With both ends included, repeat exactly the lines of the entries below from the one containing "Let's look at Miss" down to the one containing "Let me know", and no others.

Saved data entries
■ ■ ■ ■

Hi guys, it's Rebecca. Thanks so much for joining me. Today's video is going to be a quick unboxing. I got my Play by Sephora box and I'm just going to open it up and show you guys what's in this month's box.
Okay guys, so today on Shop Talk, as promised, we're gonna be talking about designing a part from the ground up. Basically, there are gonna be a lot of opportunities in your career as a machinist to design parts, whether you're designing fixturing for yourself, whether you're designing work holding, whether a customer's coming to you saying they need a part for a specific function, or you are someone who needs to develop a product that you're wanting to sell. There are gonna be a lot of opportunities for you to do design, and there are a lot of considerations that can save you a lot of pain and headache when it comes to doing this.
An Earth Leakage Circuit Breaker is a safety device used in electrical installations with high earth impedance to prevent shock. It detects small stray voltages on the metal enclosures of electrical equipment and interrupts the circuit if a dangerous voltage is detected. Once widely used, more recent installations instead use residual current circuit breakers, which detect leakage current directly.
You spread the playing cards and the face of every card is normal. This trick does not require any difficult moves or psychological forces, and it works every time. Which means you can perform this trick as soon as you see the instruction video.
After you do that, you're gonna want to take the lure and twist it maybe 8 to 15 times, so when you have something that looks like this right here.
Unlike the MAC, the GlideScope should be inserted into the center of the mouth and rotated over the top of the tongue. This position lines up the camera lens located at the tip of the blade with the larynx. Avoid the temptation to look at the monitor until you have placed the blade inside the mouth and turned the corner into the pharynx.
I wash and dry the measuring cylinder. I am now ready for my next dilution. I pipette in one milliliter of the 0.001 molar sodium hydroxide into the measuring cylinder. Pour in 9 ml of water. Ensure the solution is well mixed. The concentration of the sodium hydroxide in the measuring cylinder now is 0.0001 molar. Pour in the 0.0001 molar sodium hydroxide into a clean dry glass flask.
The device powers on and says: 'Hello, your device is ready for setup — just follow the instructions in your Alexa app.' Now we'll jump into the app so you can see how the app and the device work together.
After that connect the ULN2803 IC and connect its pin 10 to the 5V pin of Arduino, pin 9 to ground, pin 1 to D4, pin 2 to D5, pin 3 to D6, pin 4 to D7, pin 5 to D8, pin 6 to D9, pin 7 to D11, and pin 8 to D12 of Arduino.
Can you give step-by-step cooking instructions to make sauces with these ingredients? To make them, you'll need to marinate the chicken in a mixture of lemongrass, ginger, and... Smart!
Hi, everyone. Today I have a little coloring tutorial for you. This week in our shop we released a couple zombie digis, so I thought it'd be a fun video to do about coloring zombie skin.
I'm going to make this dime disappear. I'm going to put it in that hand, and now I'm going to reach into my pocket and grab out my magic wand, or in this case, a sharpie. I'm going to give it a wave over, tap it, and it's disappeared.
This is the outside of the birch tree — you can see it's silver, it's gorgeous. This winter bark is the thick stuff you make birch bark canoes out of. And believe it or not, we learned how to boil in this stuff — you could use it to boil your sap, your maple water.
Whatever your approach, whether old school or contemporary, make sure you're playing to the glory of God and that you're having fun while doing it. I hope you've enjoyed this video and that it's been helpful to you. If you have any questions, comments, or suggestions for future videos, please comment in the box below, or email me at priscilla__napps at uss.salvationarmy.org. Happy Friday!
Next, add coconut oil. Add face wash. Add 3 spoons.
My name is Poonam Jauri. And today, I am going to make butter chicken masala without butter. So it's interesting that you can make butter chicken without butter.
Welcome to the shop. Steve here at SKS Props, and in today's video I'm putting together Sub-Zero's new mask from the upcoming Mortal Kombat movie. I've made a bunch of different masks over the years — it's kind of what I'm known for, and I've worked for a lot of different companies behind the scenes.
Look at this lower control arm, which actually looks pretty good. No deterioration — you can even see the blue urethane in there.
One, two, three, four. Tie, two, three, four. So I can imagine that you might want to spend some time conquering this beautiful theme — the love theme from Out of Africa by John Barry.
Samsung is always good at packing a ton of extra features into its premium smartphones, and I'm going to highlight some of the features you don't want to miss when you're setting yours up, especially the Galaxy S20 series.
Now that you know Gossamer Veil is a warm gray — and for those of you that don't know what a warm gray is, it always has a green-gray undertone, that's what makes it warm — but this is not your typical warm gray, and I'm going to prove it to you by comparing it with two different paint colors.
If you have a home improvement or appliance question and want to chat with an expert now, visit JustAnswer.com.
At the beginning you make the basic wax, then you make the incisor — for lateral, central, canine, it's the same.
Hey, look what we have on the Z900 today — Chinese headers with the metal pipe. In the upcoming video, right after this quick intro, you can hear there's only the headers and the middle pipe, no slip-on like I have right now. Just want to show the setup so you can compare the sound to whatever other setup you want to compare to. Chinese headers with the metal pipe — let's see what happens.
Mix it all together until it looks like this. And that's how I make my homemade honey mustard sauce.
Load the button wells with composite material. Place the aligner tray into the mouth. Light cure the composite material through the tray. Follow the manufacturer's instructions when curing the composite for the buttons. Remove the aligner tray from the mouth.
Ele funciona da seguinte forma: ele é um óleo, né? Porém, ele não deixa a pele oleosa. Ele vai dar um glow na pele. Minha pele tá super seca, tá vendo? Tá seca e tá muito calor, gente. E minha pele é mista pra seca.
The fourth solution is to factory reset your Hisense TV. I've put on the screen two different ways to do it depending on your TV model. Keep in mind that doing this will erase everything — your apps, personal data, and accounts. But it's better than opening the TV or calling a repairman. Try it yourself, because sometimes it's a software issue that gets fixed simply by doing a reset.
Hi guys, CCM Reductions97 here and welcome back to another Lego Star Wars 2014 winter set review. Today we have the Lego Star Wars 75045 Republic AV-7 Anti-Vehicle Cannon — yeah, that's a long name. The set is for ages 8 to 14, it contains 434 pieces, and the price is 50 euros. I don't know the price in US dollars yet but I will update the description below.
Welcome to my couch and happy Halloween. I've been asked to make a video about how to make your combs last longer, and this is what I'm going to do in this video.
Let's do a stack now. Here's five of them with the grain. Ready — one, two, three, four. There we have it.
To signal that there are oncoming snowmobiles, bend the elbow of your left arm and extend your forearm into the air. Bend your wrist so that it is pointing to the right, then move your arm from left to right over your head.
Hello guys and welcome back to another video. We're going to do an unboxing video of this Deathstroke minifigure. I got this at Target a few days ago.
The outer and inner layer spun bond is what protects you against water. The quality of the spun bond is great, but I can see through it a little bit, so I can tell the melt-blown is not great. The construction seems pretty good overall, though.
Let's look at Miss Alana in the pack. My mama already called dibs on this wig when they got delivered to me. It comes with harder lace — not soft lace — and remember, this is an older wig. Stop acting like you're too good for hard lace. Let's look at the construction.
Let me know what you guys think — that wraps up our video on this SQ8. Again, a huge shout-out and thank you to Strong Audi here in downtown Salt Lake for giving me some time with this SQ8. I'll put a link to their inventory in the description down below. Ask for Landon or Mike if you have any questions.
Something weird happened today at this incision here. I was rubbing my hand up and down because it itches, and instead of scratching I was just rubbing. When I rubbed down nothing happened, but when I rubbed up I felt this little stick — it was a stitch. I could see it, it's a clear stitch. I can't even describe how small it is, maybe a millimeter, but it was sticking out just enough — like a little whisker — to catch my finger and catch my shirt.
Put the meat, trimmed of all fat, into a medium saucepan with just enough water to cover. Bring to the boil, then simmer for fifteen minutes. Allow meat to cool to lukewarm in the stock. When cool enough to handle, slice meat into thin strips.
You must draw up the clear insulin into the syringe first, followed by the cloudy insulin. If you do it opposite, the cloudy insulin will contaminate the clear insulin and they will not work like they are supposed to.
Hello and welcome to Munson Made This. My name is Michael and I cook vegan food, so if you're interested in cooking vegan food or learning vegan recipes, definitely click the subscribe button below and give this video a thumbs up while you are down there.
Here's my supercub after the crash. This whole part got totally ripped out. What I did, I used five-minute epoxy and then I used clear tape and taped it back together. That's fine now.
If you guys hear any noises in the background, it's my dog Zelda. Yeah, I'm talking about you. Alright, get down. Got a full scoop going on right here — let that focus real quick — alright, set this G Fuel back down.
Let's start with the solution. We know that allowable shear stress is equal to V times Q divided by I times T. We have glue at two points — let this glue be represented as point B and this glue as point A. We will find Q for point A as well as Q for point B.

■ ■ ■ ■

• [Solution to this task]:
Let's look at Miss Alana in the pack. My mama already called dibs on this wig when they got delivered to me. It comes with harder lace — not soft lace — and remember, this is an older wig. Stop acting like you're too good for hard lace. Let's look at the construction.
Let me know what you guys think — that wraps up our video on this SQ8. Again, a huge shout-out and thank you to Strong Audi here in downtown Salt Lake for giving me some time with this SQ8. I'll put a link to their inventory in the description down below. Ask for Landon or Mike if you have any questions.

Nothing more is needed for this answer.